A stupid question from a layman: is it really how people do it?

I would have thought "manufacturing" was too generic and that you would need different software for each industry and so on.

But instead it looks like it doesn't matter if you're making shoes or cars or umbrellas or computer chips, everything uses the same software?

founder here. great question.

the way i see it, the sales side should be bespoke -- because everyone has a different product, and way of selling/configuring, and the factory-floor side should be bespoke -- because of all the different types of equipment. but the middle layer (purchasing, bill of materials, invoices, sales orders, scheduling, processes, work centers) can be standardized.

for me that's why it's important that the middle layer is open source. so that the bespoke layers can tie into it.

I see, I was under the impression that Carbon encompassed sales and factory floor too. Now it makes more sense. Thanks!

ahh, it does -- but there's a slight hair to split.
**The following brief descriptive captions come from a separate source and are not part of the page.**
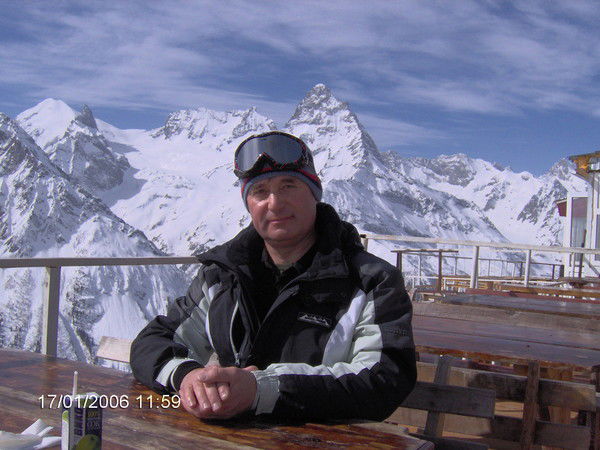 Цимбал Владимир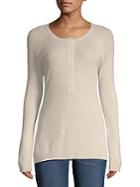 Gabriela Hearst Thomas Long-sleeve Sweater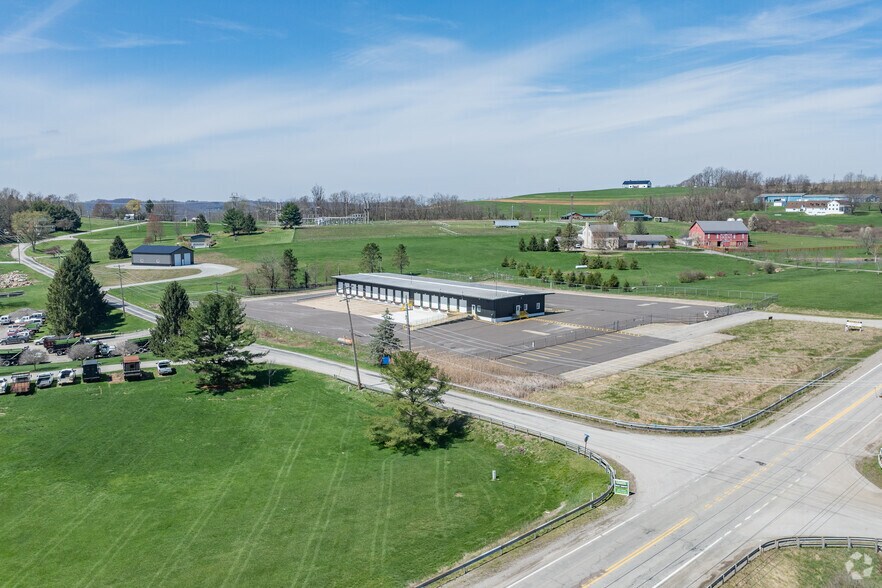 More Photos Of 1428 US-119, Mount Pleasant Truck Terminal For Sale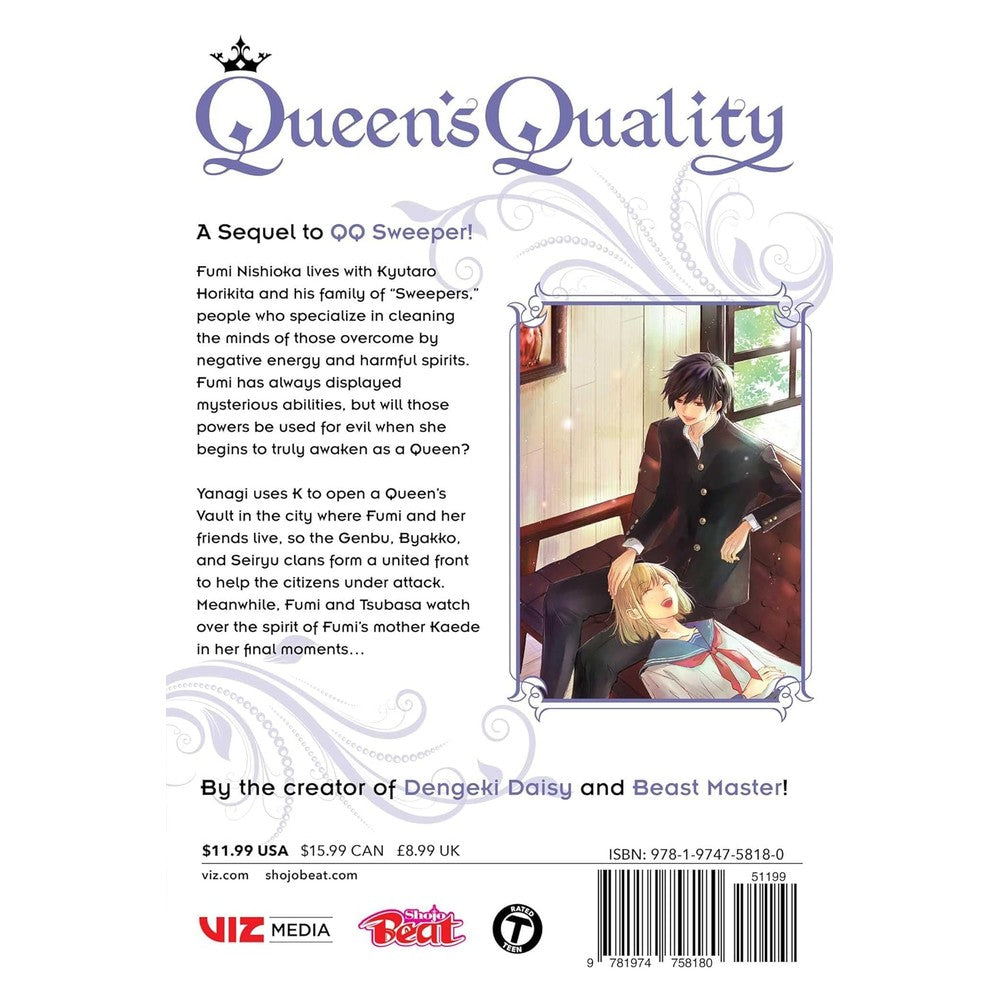 Queen's Quality; Vol. 24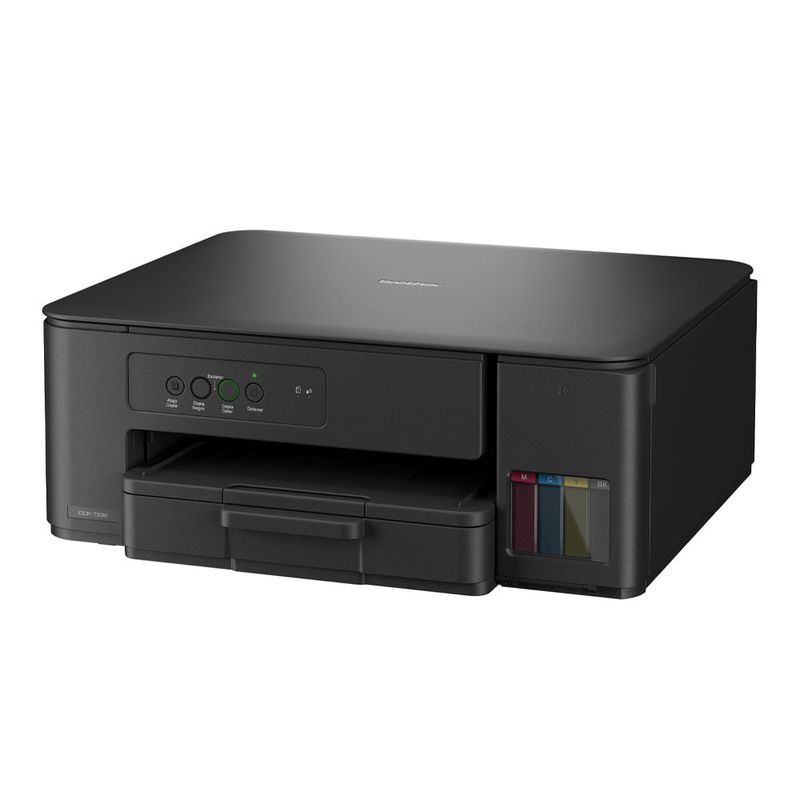 Impresora Multifuncional Brother DCP-T230 InkBenefit diagonal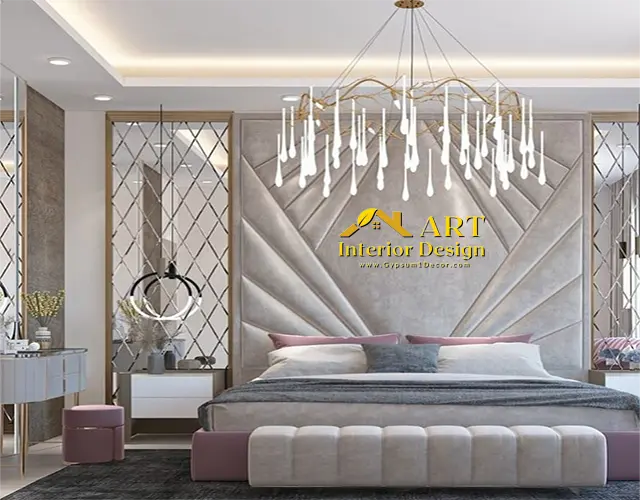 new gypsum false ceiling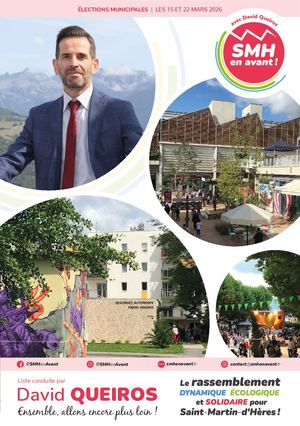 Le Programme - SMH en avant ! 2026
on sales, carbon supports quoting, sales orders, invoicing, configurator, etc -- but it does not attempt to create a website for you where you can list your products and their configurations. the idea is that you have a site, the site sends info to carbon through the API (whether it's a quote or an order), and then things begin from there.

similarly with production except that the shop floor is pulling intstead of pushing. carbon manages the schedule, the jobs, the capacity planning, etc. and provides a UI for guys on the shop floor to record their time and materials. but if you want to interface with a machine, you'd be pulling information out of carbon through the API, and relaying it to the machine.

Great Q&A's, thank you for taking the time to answer! Sounds like a great way to handle the complexities of business reality.

At the ERP level everything is abstracted such that every operation is just a black box - stuff (raw materials, subcomponents, labor) goes in, stuff (assemblies, finished goods, scrap) comes out.